新潟県名産「おけさ柿(八珍柿)」が甘く美味しくなるまでの秘密。

「おけさ柿(八珍柿)」は新潟県の晩秋を代表するおいしい風物詩です。新潟県のブランド柿としても有名で、観光のお土産や贈答品として多くの方が買い求めます。 甘くて滑らかな口当たりで親しまれているおけさ柿(八珍柿)ですが、主に使われている品種の平核無柿(ひらたねなしがき)と刀根早生柿(とねわせがき)は「渋柿」です。そのままでは食べられない渋柿が、芳醇で味わい深くなるのは「さわして」いるから。おけさ柿は「さわす(醂す)」、「さわし」と呼ばれる「渋抜き」を施すことで、甘く美味しくなるのです。 おけさ柿(八珍柿)を含む柿の渋抜きには一般的に焼酎を使います。他にはホワイトリカーや渋抜き専用酒なども用いられますが、度数は35度以上が一般的です。 作り方は柿のヘタの部分を焼酎につけ、ヘタとヘタ、実と実を合わせるようにビニールを敷いたダンボール箱などに詰めていきます。その後密封して置いておくと、早生の柿は5日程度、それ以外は10日~2週間くらいで渋が抜けます。陽の当たるところ・暖かいところに置くと渋が抜けやすくなりますが、傷むのも早くなるため注意が必要です。

新潟県の七不思議に連なる「種無しの柿」

新潟県における柿栽培の歴史は古く、江戸時代初期の1603年、現在の佐渡市羽茂地区で始まったといいます。「種が無い柿」ということから、「越後七不思議 ※」の次に珍しいという意味で「八珍柿」の名がついたそうです。 ※ 梅護寺の八ツ房梅、数珠掛桜、孝順寺の三度栗、逆さ竹、焼鮒、繋ぎ榧、片葉の芦。
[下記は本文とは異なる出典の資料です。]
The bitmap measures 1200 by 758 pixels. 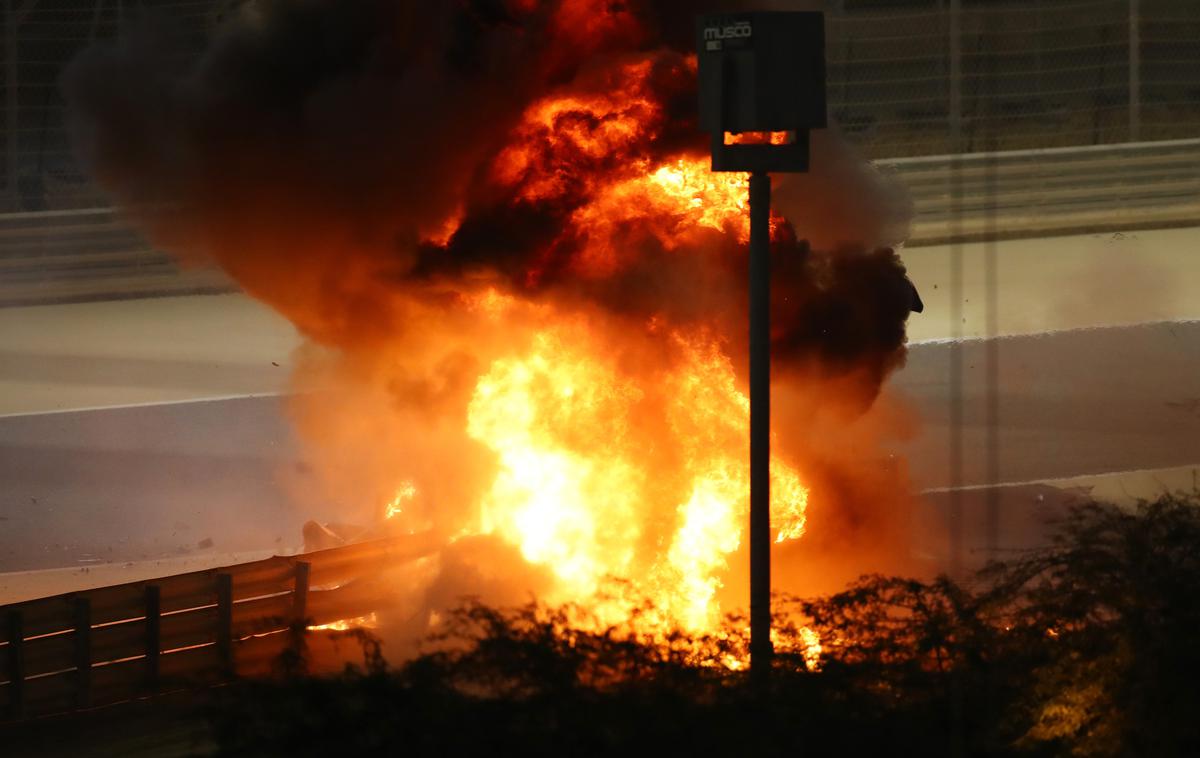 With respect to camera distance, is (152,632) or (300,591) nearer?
(152,632)

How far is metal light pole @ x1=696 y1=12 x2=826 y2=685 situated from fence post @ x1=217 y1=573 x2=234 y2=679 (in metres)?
3.06

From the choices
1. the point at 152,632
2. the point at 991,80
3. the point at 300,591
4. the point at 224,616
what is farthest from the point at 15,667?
the point at 991,80

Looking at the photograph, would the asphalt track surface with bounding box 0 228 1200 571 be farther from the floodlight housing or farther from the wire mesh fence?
the floodlight housing

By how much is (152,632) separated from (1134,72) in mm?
13336

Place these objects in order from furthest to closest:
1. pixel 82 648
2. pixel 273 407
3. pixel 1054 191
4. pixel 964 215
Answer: pixel 1054 191 < pixel 964 215 < pixel 273 407 < pixel 82 648

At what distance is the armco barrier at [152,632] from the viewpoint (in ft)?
25.8

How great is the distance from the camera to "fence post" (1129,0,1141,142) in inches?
702

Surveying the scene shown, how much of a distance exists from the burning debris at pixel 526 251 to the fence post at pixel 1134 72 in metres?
9.22

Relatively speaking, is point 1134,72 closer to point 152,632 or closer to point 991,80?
point 991,80

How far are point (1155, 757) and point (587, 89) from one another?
15.0ft

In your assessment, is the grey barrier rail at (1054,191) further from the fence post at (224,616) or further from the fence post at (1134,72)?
the fence post at (224,616)

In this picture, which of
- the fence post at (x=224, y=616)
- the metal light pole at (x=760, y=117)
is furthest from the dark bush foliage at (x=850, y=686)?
the fence post at (x=224, y=616)

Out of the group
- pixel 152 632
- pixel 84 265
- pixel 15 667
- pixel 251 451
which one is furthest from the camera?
pixel 84 265

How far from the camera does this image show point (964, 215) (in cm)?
1844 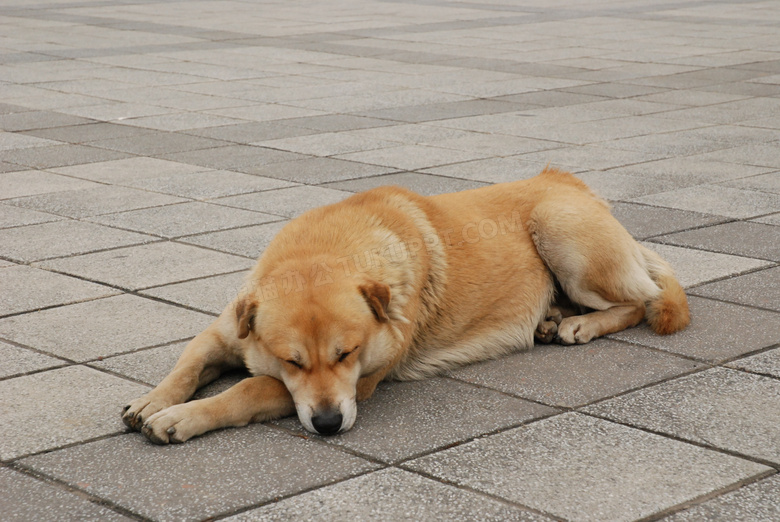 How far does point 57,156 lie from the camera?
33.8 feet

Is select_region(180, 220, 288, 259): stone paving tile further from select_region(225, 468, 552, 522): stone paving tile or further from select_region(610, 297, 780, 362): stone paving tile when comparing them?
select_region(225, 468, 552, 522): stone paving tile

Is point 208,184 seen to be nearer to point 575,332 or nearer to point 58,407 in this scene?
point 575,332

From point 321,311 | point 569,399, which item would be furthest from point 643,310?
point 321,311

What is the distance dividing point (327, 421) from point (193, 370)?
86cm

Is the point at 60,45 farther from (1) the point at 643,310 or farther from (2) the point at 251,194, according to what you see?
(1) the point at 643,310

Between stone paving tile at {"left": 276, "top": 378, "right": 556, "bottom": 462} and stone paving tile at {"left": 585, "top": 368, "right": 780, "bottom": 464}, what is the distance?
1.36 ft

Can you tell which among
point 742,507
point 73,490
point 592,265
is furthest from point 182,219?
point 742,507

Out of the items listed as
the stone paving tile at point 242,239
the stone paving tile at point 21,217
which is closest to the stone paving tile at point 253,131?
the stone paving tile at point 21,217

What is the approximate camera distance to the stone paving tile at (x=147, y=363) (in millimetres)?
4930

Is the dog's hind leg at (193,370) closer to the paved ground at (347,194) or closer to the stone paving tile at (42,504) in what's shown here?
the paved ground at (347,194)

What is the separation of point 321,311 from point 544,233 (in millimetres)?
1905

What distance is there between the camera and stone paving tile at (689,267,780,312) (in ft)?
19.7

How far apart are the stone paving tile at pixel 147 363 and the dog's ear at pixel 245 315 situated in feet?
2.17

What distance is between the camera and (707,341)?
17.8 feet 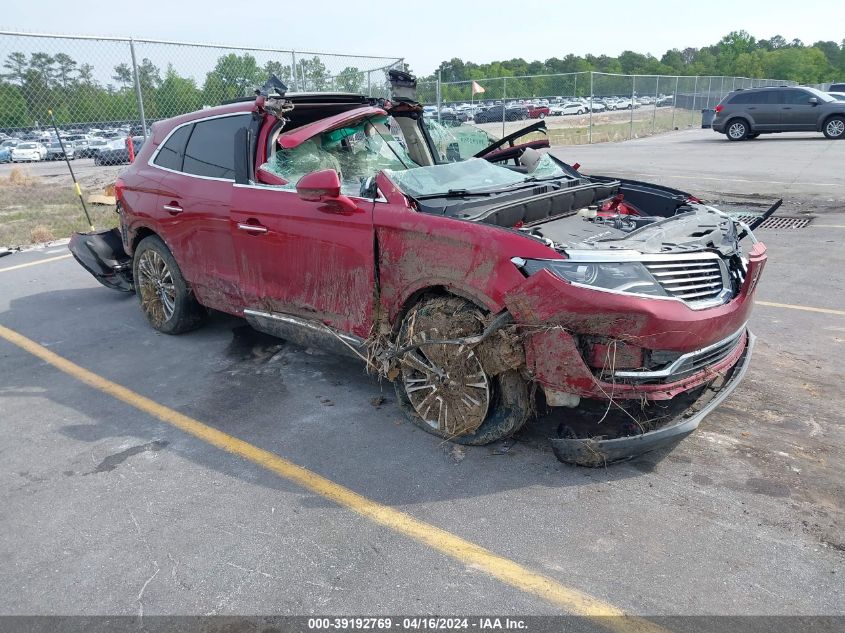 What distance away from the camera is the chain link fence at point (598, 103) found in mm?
27656

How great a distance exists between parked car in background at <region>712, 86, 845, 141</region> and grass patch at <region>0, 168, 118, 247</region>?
19.5 metres

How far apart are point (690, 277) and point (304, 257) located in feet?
7.69

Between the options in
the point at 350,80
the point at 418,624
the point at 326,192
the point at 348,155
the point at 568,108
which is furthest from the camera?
the point at 568,108

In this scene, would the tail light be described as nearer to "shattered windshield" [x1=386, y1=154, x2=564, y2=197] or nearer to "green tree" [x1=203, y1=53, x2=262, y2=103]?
"shattered windshield" [x1=386, y1=154, x2=564, y2=197]

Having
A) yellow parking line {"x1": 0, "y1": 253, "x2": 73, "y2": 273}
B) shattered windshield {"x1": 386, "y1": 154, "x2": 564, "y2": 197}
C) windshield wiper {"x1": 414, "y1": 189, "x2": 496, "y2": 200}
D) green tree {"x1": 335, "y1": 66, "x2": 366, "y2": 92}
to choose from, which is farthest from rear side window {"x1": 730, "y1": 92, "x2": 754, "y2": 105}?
windshield wiper {"x1": 414, "y1": 189, "x2": 496, "y2": 200}

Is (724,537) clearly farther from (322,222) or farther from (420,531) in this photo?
(322,222)

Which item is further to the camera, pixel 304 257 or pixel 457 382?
pixel 304 257

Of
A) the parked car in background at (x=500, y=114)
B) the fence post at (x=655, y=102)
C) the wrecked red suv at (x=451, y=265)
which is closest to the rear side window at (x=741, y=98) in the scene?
the fence post at (x=655, y=102)

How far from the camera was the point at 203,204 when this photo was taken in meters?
5.00

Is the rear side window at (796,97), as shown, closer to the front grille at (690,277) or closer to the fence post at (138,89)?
the fence post at (138,89)

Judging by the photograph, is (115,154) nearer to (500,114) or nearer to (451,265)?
(500,114)

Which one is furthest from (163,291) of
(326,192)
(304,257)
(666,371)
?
(666,371)

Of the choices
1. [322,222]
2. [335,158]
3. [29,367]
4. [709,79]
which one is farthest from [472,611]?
[709,79]

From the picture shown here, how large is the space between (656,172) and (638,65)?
3660 inches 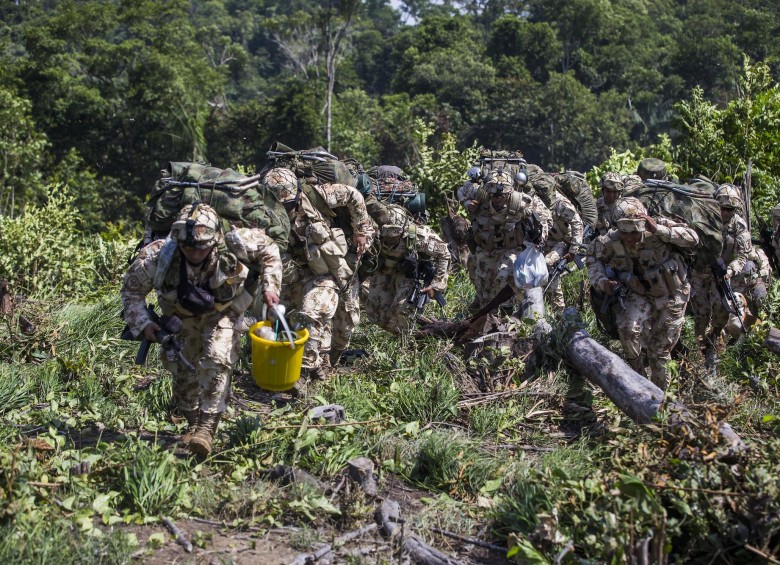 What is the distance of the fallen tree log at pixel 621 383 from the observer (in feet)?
18.0

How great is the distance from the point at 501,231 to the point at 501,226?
6 cm

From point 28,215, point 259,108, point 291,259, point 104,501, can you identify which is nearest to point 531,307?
point 291,259

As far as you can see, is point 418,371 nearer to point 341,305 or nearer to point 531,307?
point 341,305

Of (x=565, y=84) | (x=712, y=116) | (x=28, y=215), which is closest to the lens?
(x=28, y=215)

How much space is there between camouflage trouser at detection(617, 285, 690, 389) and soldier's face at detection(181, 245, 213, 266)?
3.52 meters

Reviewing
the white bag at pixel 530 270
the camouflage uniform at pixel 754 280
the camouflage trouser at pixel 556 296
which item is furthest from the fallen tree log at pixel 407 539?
the camouflage trouser at pixel 556 296

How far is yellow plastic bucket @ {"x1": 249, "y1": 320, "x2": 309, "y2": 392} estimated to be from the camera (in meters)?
5.82

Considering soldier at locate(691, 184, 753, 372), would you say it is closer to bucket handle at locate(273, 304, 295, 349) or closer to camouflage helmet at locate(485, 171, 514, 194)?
camouflage helmet at locate(485, 171, 514, 194)

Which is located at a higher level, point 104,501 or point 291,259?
point 291,259

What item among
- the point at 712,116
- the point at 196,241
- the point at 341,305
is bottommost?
the point at 341,305

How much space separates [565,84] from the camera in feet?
148

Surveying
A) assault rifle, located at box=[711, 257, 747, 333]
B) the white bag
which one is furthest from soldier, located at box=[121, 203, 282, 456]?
assault rifle, located at box=[711, 257, 747, 333]

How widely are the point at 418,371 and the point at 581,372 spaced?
1278mm

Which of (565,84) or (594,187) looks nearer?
(594,187) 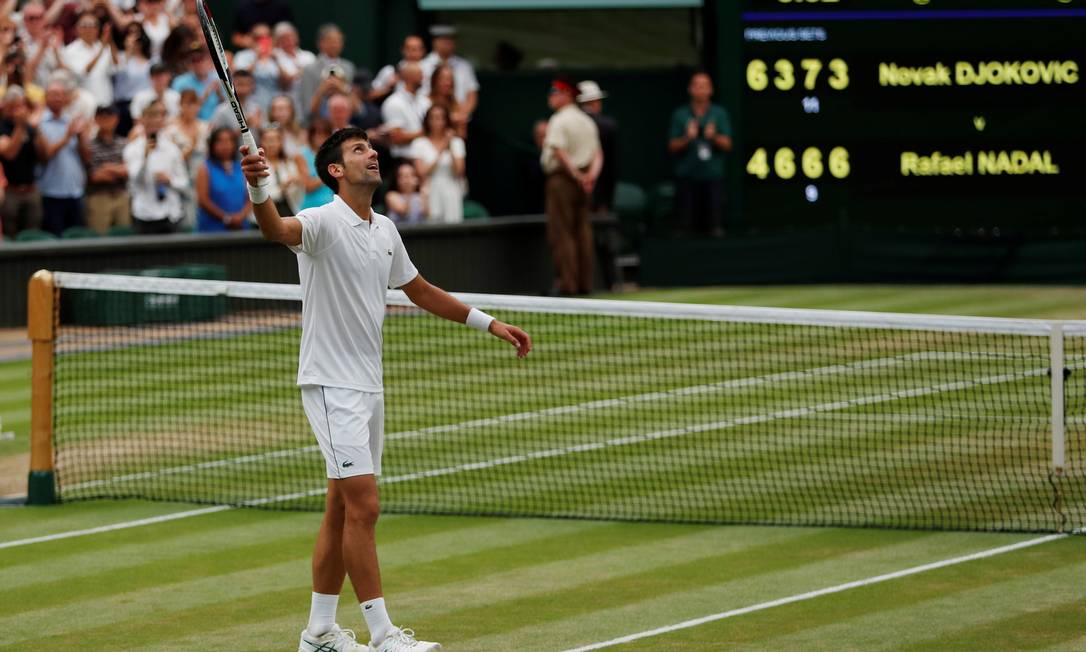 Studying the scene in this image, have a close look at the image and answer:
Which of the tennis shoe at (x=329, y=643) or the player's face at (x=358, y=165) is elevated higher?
the player's face at (x=358, y=165)

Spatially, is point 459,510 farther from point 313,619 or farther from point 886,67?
point 886,67

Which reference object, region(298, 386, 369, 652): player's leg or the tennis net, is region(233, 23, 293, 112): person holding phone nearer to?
the tennis net

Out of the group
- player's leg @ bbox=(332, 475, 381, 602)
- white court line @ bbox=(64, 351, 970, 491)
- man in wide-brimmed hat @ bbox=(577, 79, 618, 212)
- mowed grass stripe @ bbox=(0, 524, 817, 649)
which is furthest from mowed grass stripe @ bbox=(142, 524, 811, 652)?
man in wide-brimmed hat @ bbox=(577, 79, 618, 212)

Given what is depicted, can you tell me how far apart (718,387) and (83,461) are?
5.24m


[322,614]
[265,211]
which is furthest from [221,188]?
[265,211]

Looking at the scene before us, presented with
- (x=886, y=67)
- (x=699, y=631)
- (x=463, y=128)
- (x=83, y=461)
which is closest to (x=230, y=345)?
(x=83, y=461)

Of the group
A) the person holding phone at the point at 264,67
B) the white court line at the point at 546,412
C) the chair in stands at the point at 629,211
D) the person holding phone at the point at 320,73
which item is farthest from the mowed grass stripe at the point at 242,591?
the chair in stands at the point at 629,211

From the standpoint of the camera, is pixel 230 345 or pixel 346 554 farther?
pixel 230 345

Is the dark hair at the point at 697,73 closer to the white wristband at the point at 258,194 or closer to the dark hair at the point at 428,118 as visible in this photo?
the dark hair at the point at 428,118

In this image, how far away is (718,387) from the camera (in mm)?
15711

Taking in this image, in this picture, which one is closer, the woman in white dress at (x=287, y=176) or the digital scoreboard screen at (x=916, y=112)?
the woman in white dress at (x=287, y=176)

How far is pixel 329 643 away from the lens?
7.96 metres

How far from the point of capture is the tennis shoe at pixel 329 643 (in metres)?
7.95

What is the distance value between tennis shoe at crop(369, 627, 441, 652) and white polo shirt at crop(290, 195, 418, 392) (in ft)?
3.34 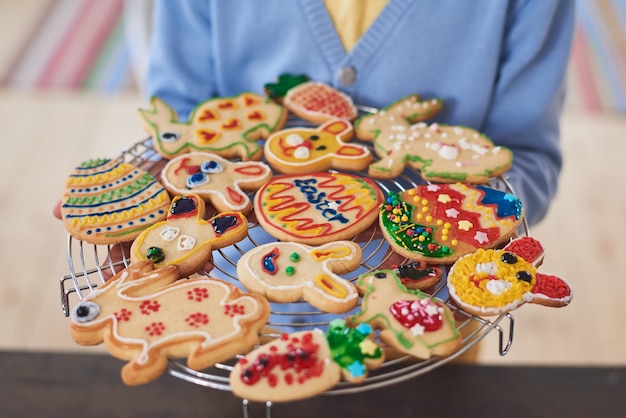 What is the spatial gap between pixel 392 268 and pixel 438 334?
5.2 inches

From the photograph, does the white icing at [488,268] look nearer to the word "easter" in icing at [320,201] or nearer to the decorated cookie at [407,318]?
the decorated cookie at [407,318]

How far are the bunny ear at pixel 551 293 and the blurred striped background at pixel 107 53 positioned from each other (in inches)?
72.8

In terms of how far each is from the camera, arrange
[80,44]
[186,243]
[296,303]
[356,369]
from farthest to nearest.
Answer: [80,44], [296,303], [186,243], [356,369]

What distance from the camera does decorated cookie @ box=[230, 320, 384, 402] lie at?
0.70m

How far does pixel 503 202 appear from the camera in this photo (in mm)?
893

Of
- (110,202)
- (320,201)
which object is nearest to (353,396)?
(320,201)

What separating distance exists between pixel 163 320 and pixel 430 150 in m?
0.47

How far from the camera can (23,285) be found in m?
1.84

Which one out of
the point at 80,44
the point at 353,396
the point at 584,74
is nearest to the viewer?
the point at 353,396

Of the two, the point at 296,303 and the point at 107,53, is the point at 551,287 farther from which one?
the point at 107,53

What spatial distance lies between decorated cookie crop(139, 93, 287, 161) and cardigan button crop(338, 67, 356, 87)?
4.7 inches

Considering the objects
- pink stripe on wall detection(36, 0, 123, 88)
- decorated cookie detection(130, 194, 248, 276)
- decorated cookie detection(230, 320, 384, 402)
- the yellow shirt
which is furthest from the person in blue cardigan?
pink stripe on wall detection(36, 0, 123, 88)

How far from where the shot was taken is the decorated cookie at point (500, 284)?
0.77 m

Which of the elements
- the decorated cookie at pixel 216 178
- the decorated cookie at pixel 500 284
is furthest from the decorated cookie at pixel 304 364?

親鸞聖人にまつわるものが多い。

甘くて栄養価も高いから、ひと工夫でさらに美味しい

米が実り、果実が実をつけて色づく秋は、まさに収穫の季節。栄養価の高い食材がたくさん出回りますが、柿も昔から「柿が赤くなると医者が青くなる(柿を食べれば医者はいらないの意味)」といわれるほど栄養豊富な果物。ビタミンC・A・K・B1・B2がたっぷり含まれており、またカリウム、ポリフェノールも有しています。そのため、疲労回復やかぜの予防はもちろん、老化防止、ガン・高血圧予防、免疫力のアップ、二日酔いの回復などに効果が期待でき、健康食品としても非常に優れていると考えられています。 身体に良くても甘いだけに、気になるのはカロリーや糖質でしょう。しかし、柿のカロリーは100gあたり約60kcal、糖質は100gあたり約14gで、この数字は全食品の平均を下回っています。そのため、1日1個程度であれば、摂取しすぎということはありません。 おけさ柿(八珍柿)は、そのまま食べても美味しいですが、食材として、サラダや和え物をはじめ、酒類(おけさ柿で作ったワインやリキュール、日本酒、焼酎など)、ジャム、ケーキに用いることもできます。柔らかくなったものは、そのまま凍らせてシャーベットに、また中身をくりぬきミキサーにかけ、牛乳と併せて冷やす「柿プリン」を作る方もいて、子どものおやつにも最適なのだそうです。 なお、お土産用としては「おけさ柿(八珍柿)のワイン漬け」「おけさ柿(八珍柿)入りカレー」といった商品が販売されており、麺におけさ柿(八珍柿)を練り込んだ生麺を用いたラーメン店も人気があります。

新潟県の暮らしで、旬の果物をもっと身近に

新潟県にはブランド米やきのこといった作物だけでなく、高級洋梨の「ル・レクチェ」、リンゴ、イチジク、みかん、日本梨、越後姫(いちご)、桜桃、西瓜、メロン、ぶどう、ももといった多くの名産フルーツがあります。その中でも、美味しく健康増進が期待できるおけさ柿(八珍柿)を今回はご紹介いたしました。 1年を通じて、新鮮かつ種類豊富な青果あふれる新潟県。健康的な食卓のある暮らしを考えているなら、新潟県をU・Iターン先として検討してみてはいかがでしょうか。